### Dataset content
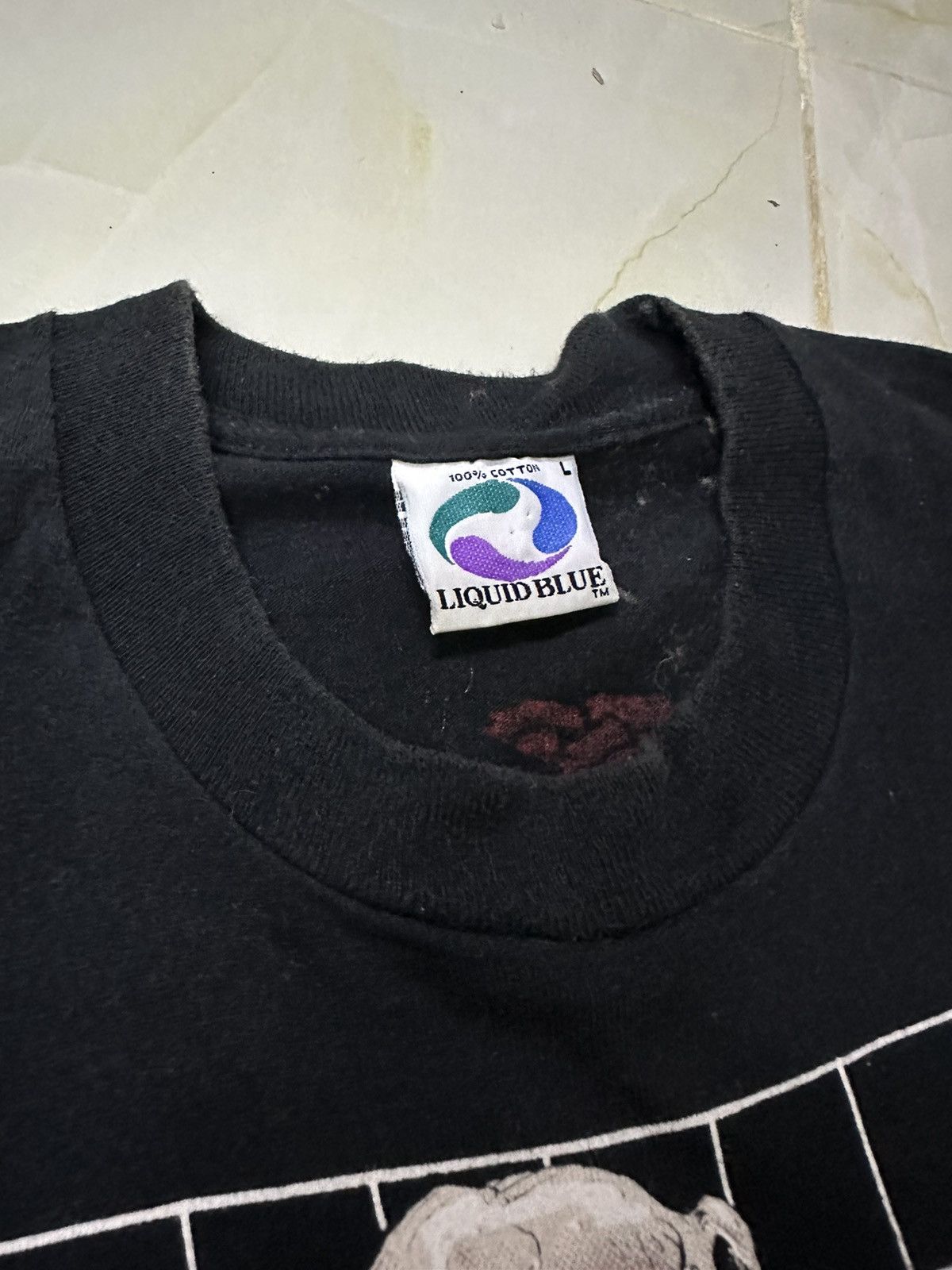 Band Tees × Grateful Dead × Liquid Blue Vtg 1993 Gem, Grateful Dead Liguid Blue David Opil Print Tee Size US L / EU 52-54 / 3 - 8 Thumbnail
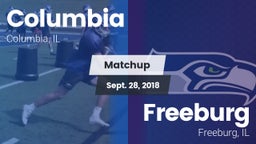 Matchup: Columbia  vs. Freeburg  2018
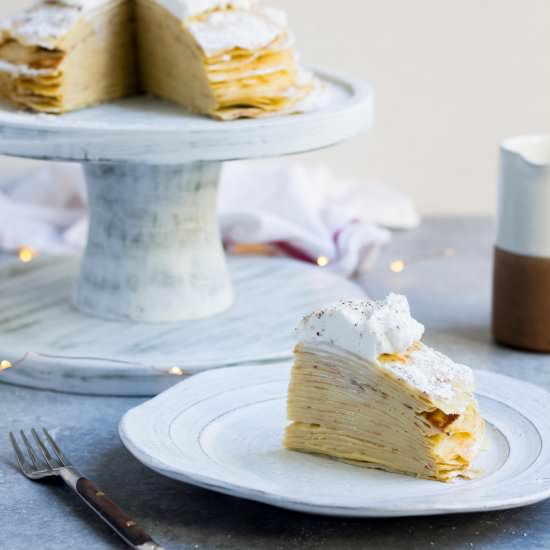 Eggnog Crepe Cake
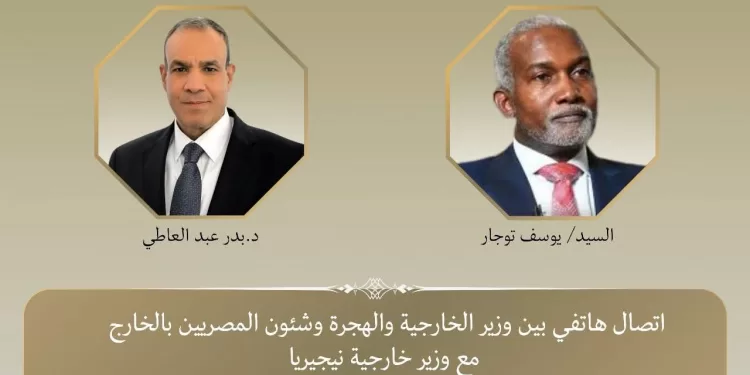 Le ministre des Affaires étrangères s’entretient avec son homologue nigérian sur les enjeux régionaux 1 - Le Progrès Egyptien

### Assignment
Pictures are to be omitted from the copy. Reproduce exactly, and only, the lines from the one containing "Eggnog Crepe Cake" to the end of the listing above.

### Result of the task
 Eggnog Crepe Cake
 Le ministre des Affaires étrangères s’entretient avec son homologue nigérian sur les enjeux régionaux 1 - Le Progrès Egyptien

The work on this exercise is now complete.